Aparece también la participación de la Plataforma por la Luz, de las ONG’s, de la solidaridad intervecinal, referentes como Gerardo, y también la excusa de las plantaciones ilegales de marihuana para el corte de luz. Gran parte de las casas que cultivaban ya fueron demolidas. “Después de dos años sin luz, ya no puede quedar una plantación”, dice Houda Akrikez, presidenta de la Asociación Tabadol, que participa como actriz en la obra.

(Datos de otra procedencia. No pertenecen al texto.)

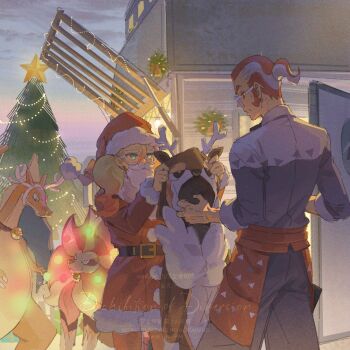 Rule 34 | 1boy, 1girl, alternate costume, apron, aqua eyes, belt, blonde hair, brown belt, charizard, christmas, christmas tree, commentary request, eye contact, fake beard, fake facial hair, fur-trimmed jacket, fur trim, gen 1 pokemon, gen 6 pokemon, glasses, gradient hair, grey pants, griselle (pokemon), grisham (pokemon), hat, highres, jacket, lee999nine, long sleeves, looking at another, multicolored hair, nintendo, orange hair, outdoors, pants, pokemon, pokemon legends: z-a, pyroar, pyroar (male), santa costume, santa hat, sweat, twintails, waist apron, wavy hair, white hair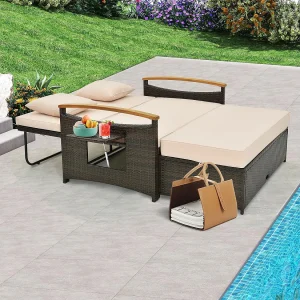 3-in-1 tuinbed met bijzettafel, 4-traps verstelbare rugleuning, slaapfunctie en zijplanken, tuinmeubelen voor zwembad, terrassenTI93849 3-in-1 tuinbed met bijzettafel, 4-traps verstelbare rugleuning, slaapfunctie en zijplanken, tuinmeubelen voor zwembad, terrassenTI93849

Este montaje hace visible lo invisible y da voz a los que no la tienen. Pone luz a unos prejuicios e intenta eliminar el estigma que acompaña a esta población. Como dice su autora, Vanesa Espín, “El teatro debe ser también un reflejo de la realidad, de lo que se vive en la calle”. Y aquí así es. Teatro social, de verdad.
Un mapa físico y geográfico, humano y cruel por el despiadado poder de quien ejerce violencia desde el poder y deja en la cuneta inermes, sin luz y sin aliento a tanta buena gente únicamente por su asentamiento, etnia o pobreza.
Un acierto esta obra en todos los órdenes por su texto, dirección, interpretación, escenografía, iluminación e ilustración, sobre un problema real que no se quiere contar y tampoco se deja ver.